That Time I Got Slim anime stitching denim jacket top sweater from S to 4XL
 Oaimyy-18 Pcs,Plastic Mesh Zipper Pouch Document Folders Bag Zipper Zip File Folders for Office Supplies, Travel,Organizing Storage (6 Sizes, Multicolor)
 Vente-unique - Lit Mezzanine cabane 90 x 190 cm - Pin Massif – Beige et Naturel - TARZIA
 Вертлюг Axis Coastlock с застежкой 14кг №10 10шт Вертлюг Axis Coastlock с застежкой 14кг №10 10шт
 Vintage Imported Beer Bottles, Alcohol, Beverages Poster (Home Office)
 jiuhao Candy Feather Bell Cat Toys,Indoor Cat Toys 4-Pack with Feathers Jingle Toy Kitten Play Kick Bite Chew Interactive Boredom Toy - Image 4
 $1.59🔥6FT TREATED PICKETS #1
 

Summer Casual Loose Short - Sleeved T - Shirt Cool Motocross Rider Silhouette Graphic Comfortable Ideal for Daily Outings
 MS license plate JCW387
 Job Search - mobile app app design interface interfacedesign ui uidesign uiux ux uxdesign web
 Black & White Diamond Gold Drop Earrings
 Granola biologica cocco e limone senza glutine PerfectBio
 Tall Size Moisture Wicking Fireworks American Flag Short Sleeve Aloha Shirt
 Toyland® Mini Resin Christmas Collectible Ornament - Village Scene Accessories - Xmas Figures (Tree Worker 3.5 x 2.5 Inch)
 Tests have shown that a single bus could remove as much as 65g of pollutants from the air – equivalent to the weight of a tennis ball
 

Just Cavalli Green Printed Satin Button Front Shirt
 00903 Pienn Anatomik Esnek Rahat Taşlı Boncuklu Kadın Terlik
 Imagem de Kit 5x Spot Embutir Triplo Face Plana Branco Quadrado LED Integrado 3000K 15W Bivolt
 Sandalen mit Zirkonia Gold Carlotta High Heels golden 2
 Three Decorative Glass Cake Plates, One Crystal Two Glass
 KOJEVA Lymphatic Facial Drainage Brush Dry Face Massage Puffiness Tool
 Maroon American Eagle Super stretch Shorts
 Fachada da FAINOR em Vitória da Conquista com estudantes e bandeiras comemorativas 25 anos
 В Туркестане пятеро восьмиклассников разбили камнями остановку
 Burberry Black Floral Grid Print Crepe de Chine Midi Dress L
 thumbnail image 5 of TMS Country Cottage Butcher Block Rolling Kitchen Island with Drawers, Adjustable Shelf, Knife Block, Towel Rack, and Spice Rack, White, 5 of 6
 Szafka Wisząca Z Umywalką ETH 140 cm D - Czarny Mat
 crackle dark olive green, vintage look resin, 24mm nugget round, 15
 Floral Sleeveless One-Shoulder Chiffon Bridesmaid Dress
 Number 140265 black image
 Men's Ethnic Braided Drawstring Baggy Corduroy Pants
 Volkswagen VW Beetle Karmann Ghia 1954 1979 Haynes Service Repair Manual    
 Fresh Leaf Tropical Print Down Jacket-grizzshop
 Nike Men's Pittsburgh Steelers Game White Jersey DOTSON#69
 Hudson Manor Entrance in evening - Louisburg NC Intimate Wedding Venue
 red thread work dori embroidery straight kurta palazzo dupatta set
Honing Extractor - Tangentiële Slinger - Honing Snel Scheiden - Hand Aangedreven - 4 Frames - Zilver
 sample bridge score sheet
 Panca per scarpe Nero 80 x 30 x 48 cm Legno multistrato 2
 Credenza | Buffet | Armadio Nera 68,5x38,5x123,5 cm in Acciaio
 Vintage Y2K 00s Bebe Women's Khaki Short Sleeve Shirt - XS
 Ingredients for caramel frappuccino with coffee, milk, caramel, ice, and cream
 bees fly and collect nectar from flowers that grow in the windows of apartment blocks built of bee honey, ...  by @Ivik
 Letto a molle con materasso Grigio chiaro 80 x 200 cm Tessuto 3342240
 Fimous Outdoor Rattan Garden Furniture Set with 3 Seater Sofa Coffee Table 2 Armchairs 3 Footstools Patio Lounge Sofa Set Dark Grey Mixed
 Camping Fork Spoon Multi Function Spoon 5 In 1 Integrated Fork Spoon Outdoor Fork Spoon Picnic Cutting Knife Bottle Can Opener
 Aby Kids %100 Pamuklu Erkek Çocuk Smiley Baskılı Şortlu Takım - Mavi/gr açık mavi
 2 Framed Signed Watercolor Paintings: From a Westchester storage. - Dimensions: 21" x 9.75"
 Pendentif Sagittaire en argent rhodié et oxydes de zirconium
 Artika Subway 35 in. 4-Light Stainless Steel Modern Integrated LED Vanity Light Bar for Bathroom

· · · · · · ·

● **PROMPT**
The answer should contain only the lines from the first line of the entries through the line holding "Szafka Wisząca Z", each exactly as written.

● **ANSWER TO THE PROBLEM**
That Time I Got Slim anime stitching denim jacket top sweater from S to 4XL
 Oaimyy-18 Pcs,Plastic Mesh Zipper Pouch Document Folders Bag Zipper Zip File Folders for Office Supplies, Travel,Organizing Storage (6 Sizes, Multicolor)
 Vente-unique - Lit Mezzanine cabane 90 x 190 cm - Pin Massif – Beige et Naturel - TARZIA
 Вертлюг Axis Coastlock с застежкой 14кг №10 10шт Вертлюг Axis Coastlock с застежкой 14кг №10 10шт
 Vintage Imported Beer Bottles, Alcohol, Beverages Poster (Home Office)
 jiuhao Candy Feather Bell Cat Toys,Indoor Cat Toys 4-Pack with Feathers Jingle Toy Kitten Play Kick Bite Chew Interactive Boredom Toy - Image 4
 $1.59🔥6FT TREATED PICKETS #1
 

Summer Casual Loose Short - Sleeved T - Shirt Cool Motocross Rider Silhouette Graphic Comfortable Ideal for Daily Outings
 MS license plate JCW387
 Job Search - mobile app app design interface interfacedesign ui uidesign uiux ux uxdesign web
 Black & White Diamond Gold Drop Earrings
 Granola biologica cocco e limone senza glutine PerfectBio
 Tall Size Moisture Wicking Fireworks American Flag Short Sleeve Aloha Shirt
 Toyland® Mini Resin Christmas Collectible Ornament - Village Scene Accessories - Xmas Figures (Tree Worker 3.5 x 2.5 Inch)
 Tests have shown that a single bus could remove as much as 65g of pollutants from the air – equivalent to the weight of a tennis ball
 

Just Cavalli Green Printed Satin Button Front Shirt
 00903 Pienn Anatomik Esnek Rahat Taşlı Boncuklu Kadın Terlik
 Imagem de Kit 5x Spot Embutir Triplo Face Plana Branco Quadrado LED Integrado 3000K 15W Bivolt
 Sandalen mit Zirkonia Gold Carlotta High Heels golden 2
 Three Decorative Glass Cake Plates, One Crystal Two Glass
 KOJEVA Lymphatic Facial Drainage Brush Dry Face Massage Puffiness Tool
 Maroon American Eagle Super stretch Shorts
 Fachada da FAINOR em Vitória da Conquista com estudantes e bandeiras comemorativas 25 anos
 В Туркестане пятеро восьмиклассников разбили камнями остановку
 Burberry Black Floral Grid Print Crepe de Chine Midi Dress L
 thumbnail image 5 of TMS Country Cottage Butcher Block Rolling Kitchen Island with Drawers, Adjustable Shelf, Knife Block, Towel Rack, and Spice Rack, White, 5 of 6
 Szafka Wisząca Z Umywalką ETH 140 cm D - Czarny Mat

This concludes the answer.